After I read a book with my D, I was walking by her room with my S in my arms and I said, "I love you, baby, have sweet dreams," and kept on walking. About 5 steps down the hall I hear my D say, "I love you too. You are my joy." I stopped cold. Pleasantly stunned. I asked her what she said and she responded, "I love you. You are my joy." I told her, "Thank you so much, baby. I love you. Have sweet dreams." I cried with my son in my arms. I am still crying tears of joy.
No matter what happens in my M, my children are my greatest gift from God and no one can ever take them from me. Hearing my D profess her love for me really puts my marital problems into proper perspective. My children are who matter most!! NOT me, NOT my M. However, I do desperately want to rebuild my M because I believe that a happy, healthy, nurturing M is the best environment to raise children in.
I do believe I am a hopeless romantic.

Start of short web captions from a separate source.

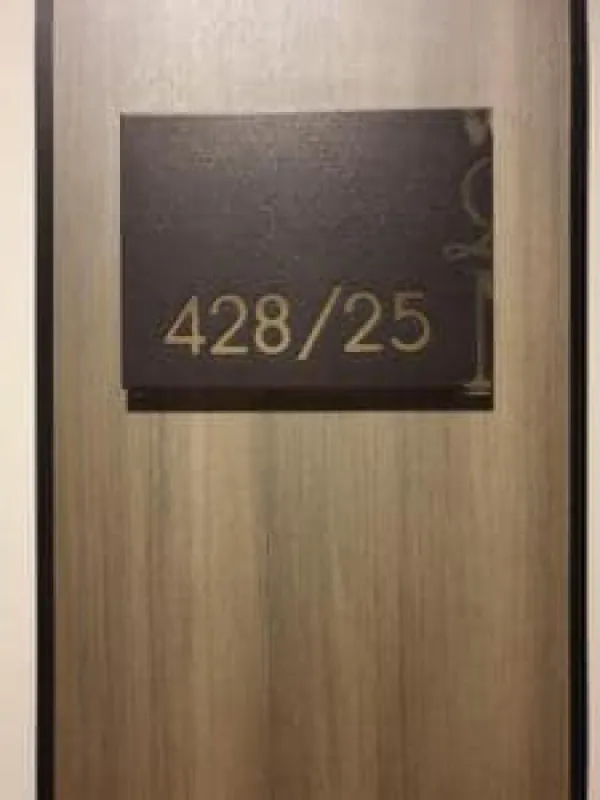 ขาย Whizdom Avenue Ratchada-Ladprao 1 ห้องนอน 1 ห้องน้ำ เฟอร์นิเจอร์พร้อมเข้าอยู่ รีบจองก่อนหลุดมือ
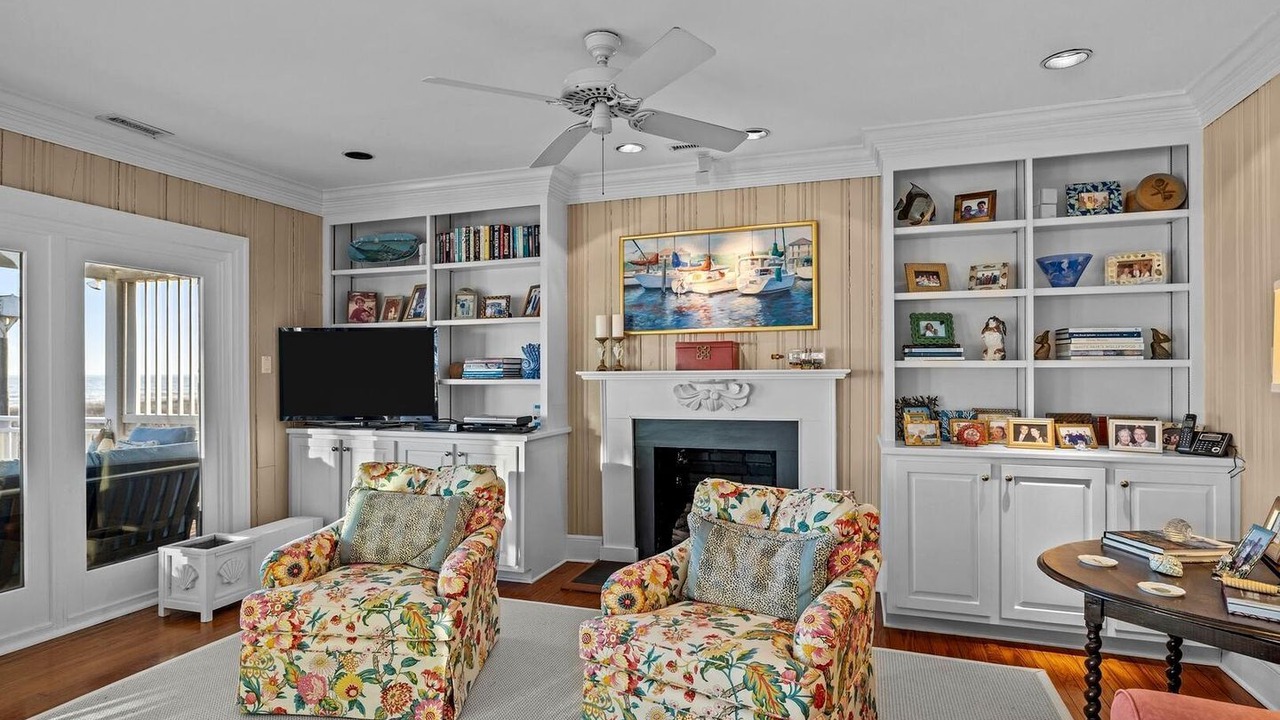 Photo of Livingroom in Atlantic Beach
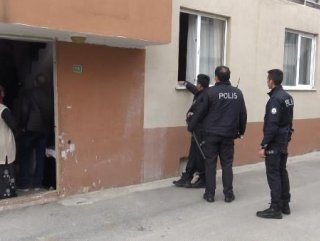 Madde bağımlısı, anne ve babasını bıçakla rehin aldı
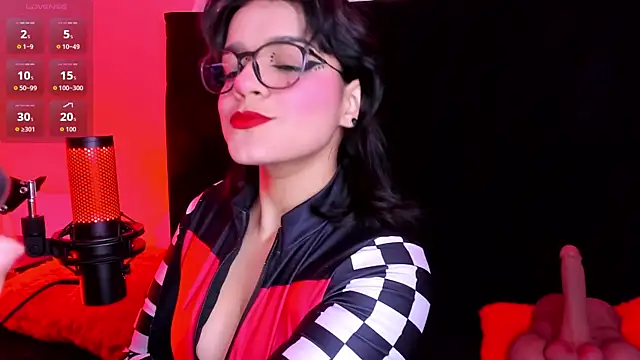 Snapshot of Valeriekay__ chatting on July 2026 01:25:02 PM Valeriekay online show from July 2026 01:25:02 PM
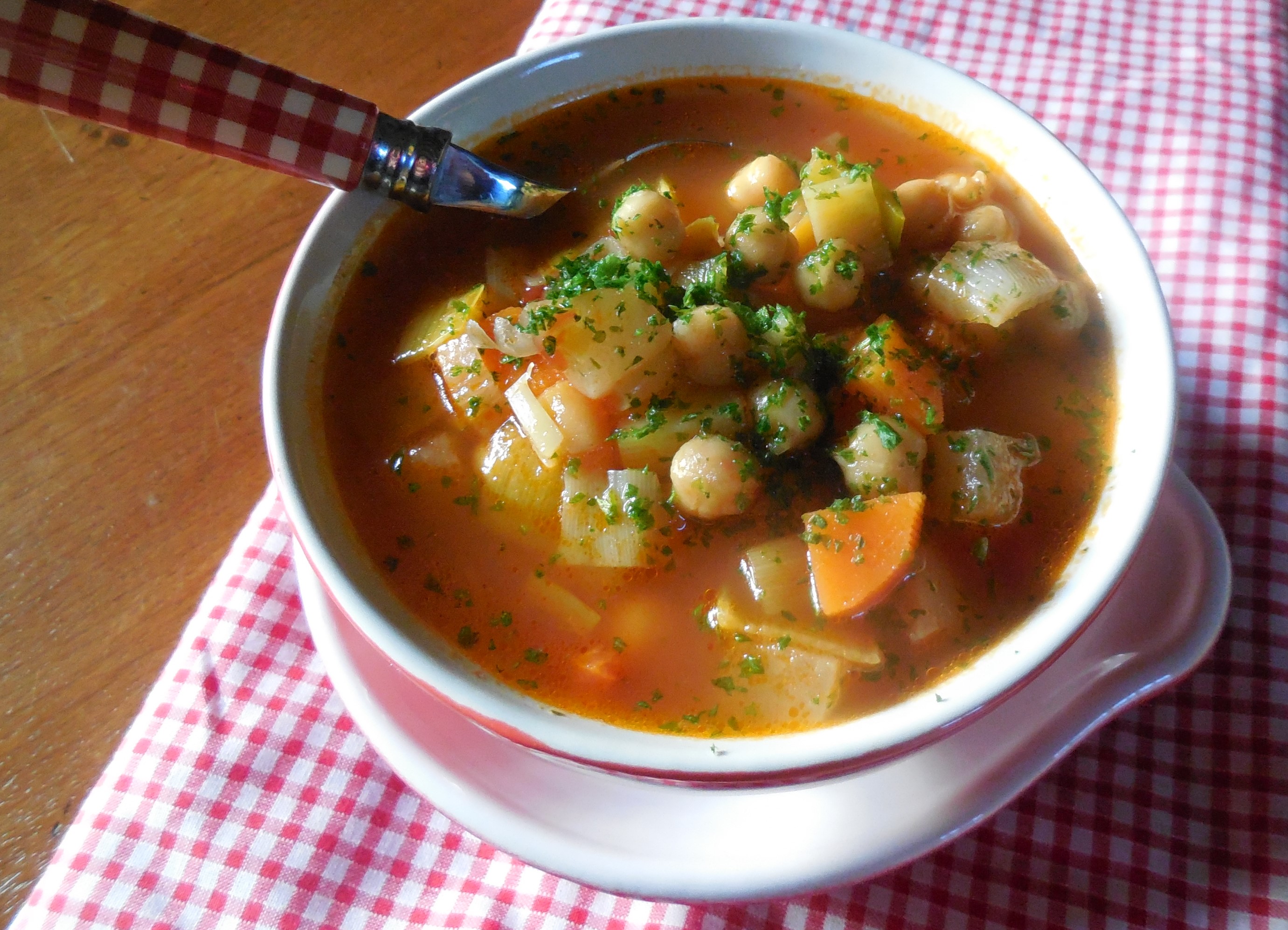 Soupe de légumes aux pois chiches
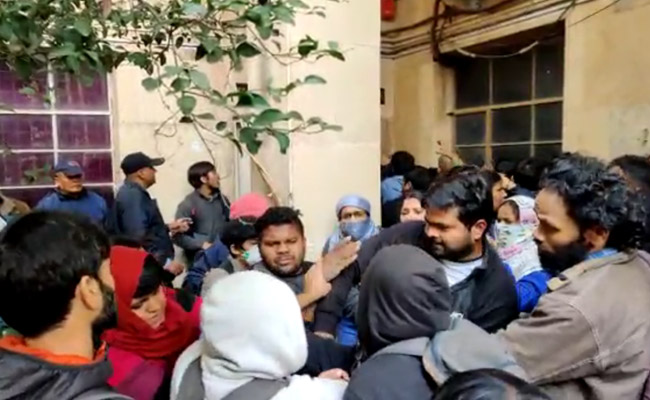 JNU का एक और वीडियो सामने आया, सर्वर रूम के पास झगड़ते दिख रहे दो गुट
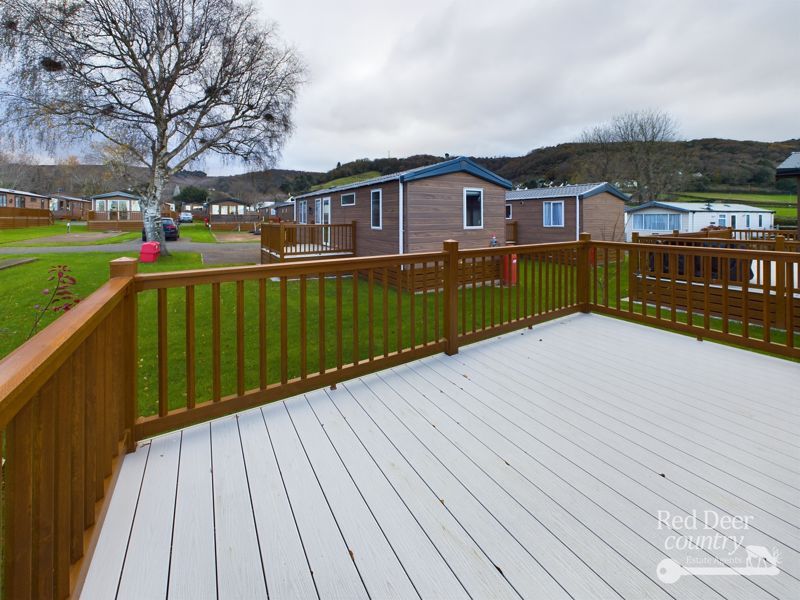 Property photo 2 of 8 Decking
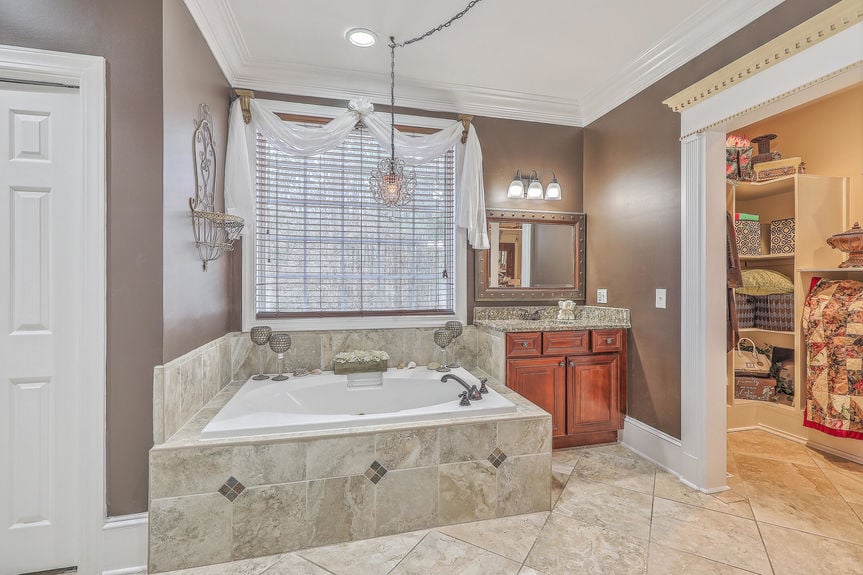 205417e1-4f6e-4ddf-b9ec-244c6f1573c6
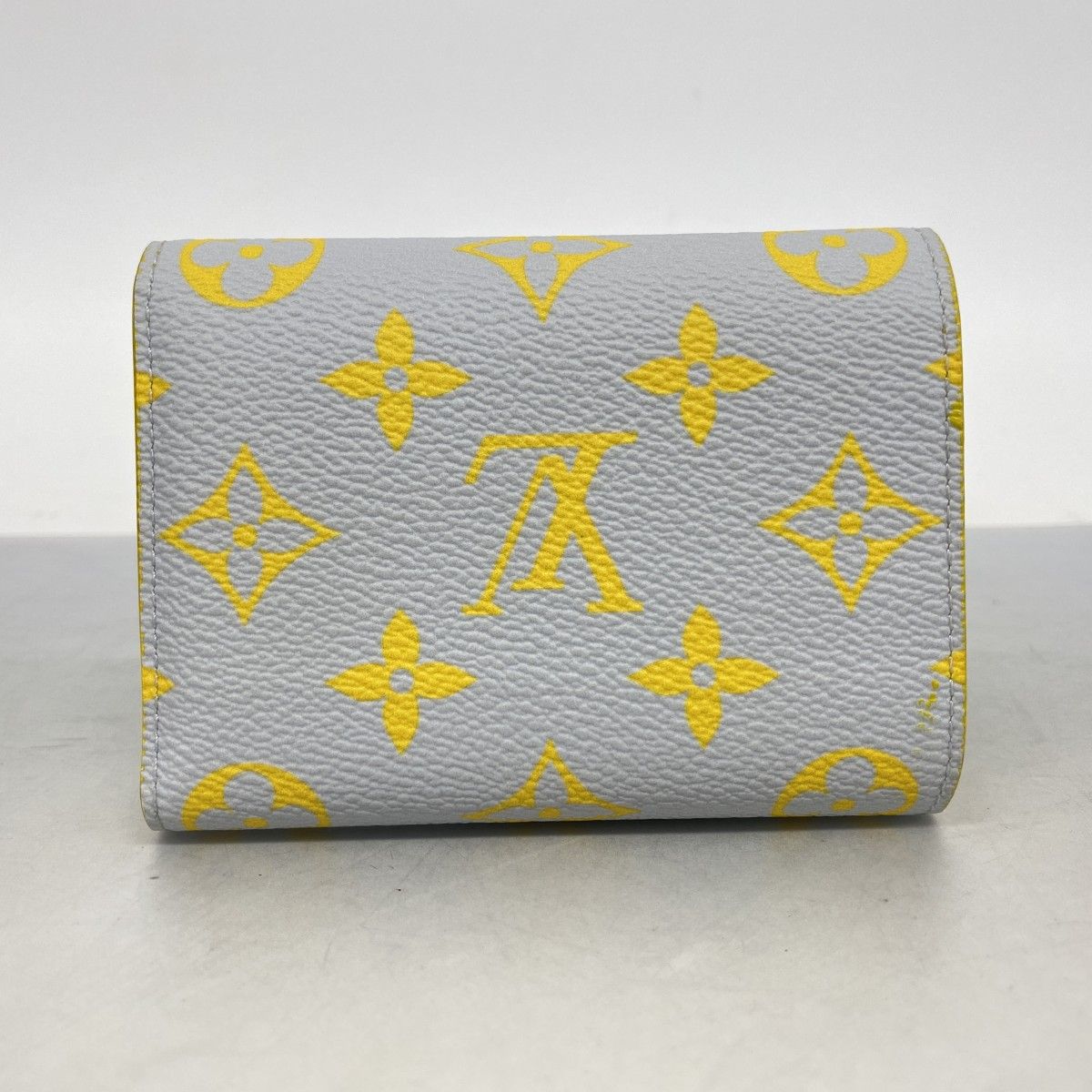Louis Vuitton Trifold Wallet Monogram Glow Victor Blue Yellow — view 7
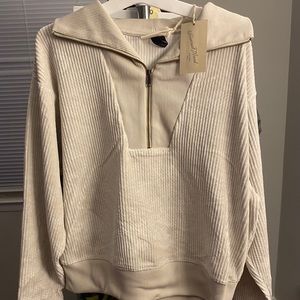 Beautiful sweater with zipper.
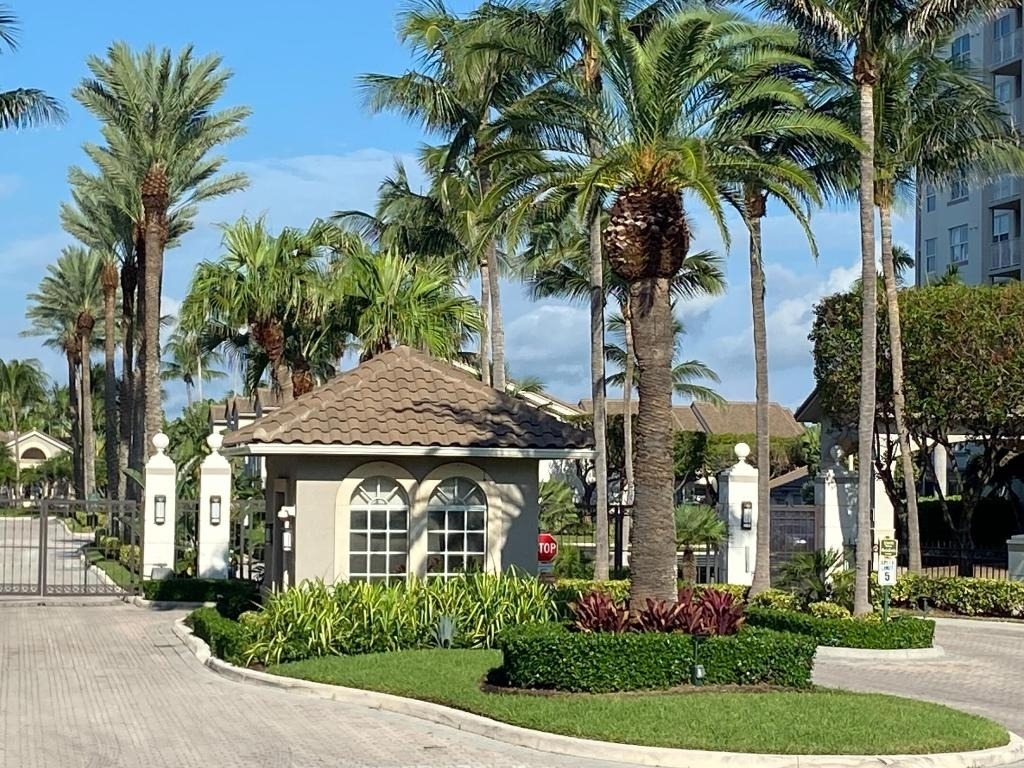 3606 S Ocean Boulevard - Photo 1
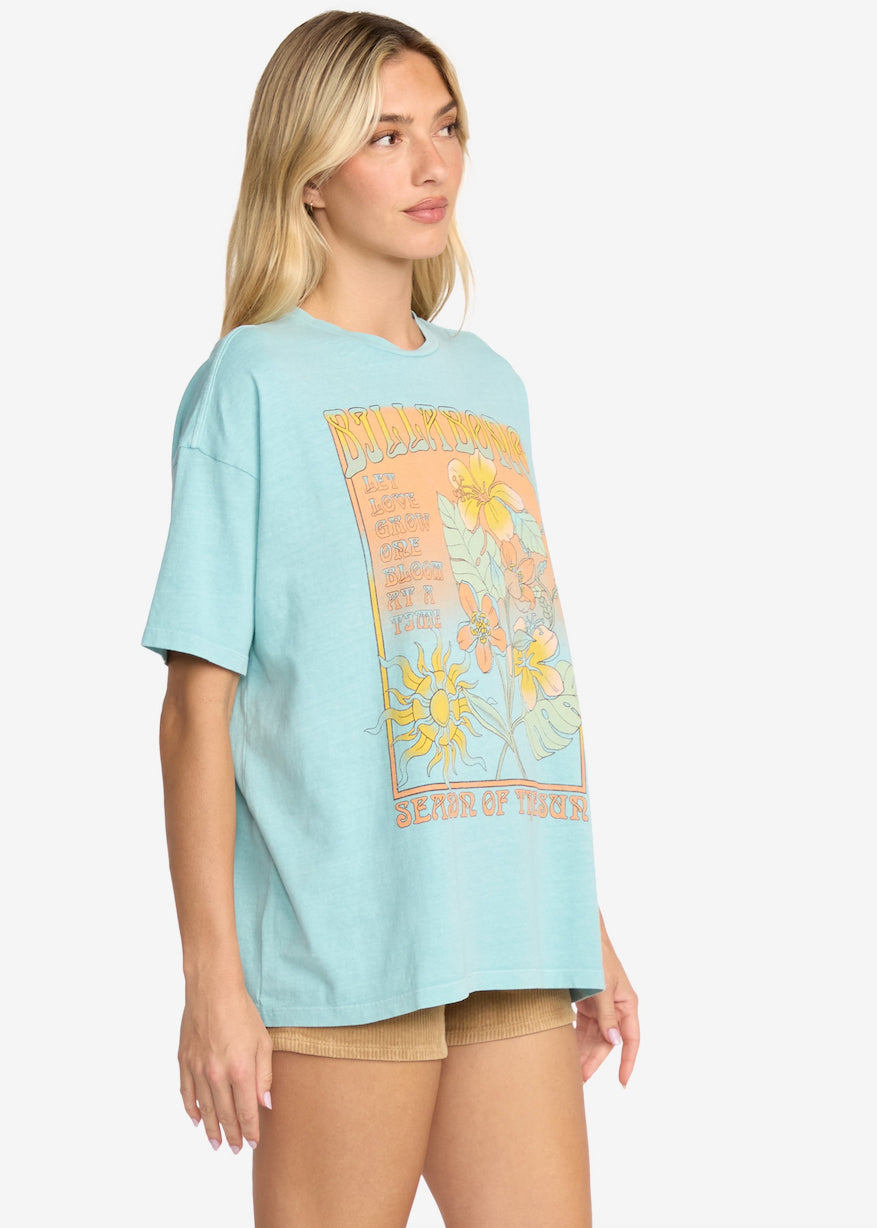 Daylight Blossoms Summer Sessions Tee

And, I stopped apologizing for working so hard to hold on to my M and to NOT give up despite the urging of those who care about me. I DON'T WANT A DIVORCE! I don't care if my family and friends don't understand my undying attitude about saving my M and preserving my family structure. I feel like William Wallace in Braveheart, going against ALL odds to fight for what is right! Again, if that makes me a hopeless romantic, then I am proud to be called that. I am fighting for what is right in my head and heart. I love my W. I love my family. I want us to remain intact as a nuclear family; not separated by mistakes and hardened hearts.
I pray every day that God will work His will in my life and that He will open my eyes to see His will. I also pray that if His will is not in keeping with my desires, that He help me to understand that His will is better than my will. You see, since my A, I have decided that I am not the best captain of my ship alone. I have asked the Lord to be my Captain and I will be His first mate. I also have stopped trying to bend God's will to my will. It has never worked for me in the past and I finally figured it out. Too bad I have jeopardized my family and devasted my W to learn this.
Nowadays, my PMA comes from prayer and acceptance. I love the Serenity Prayer. It keeps me balanced and gives me time to breathe and accept the things that I cannot change. I firmly believe that I can DB alone, and with patience, LRT, GAL, loving my S from a distance, kindness, respect and honesty I will prevail in reconciling my M. STRENGTH AND HONOR!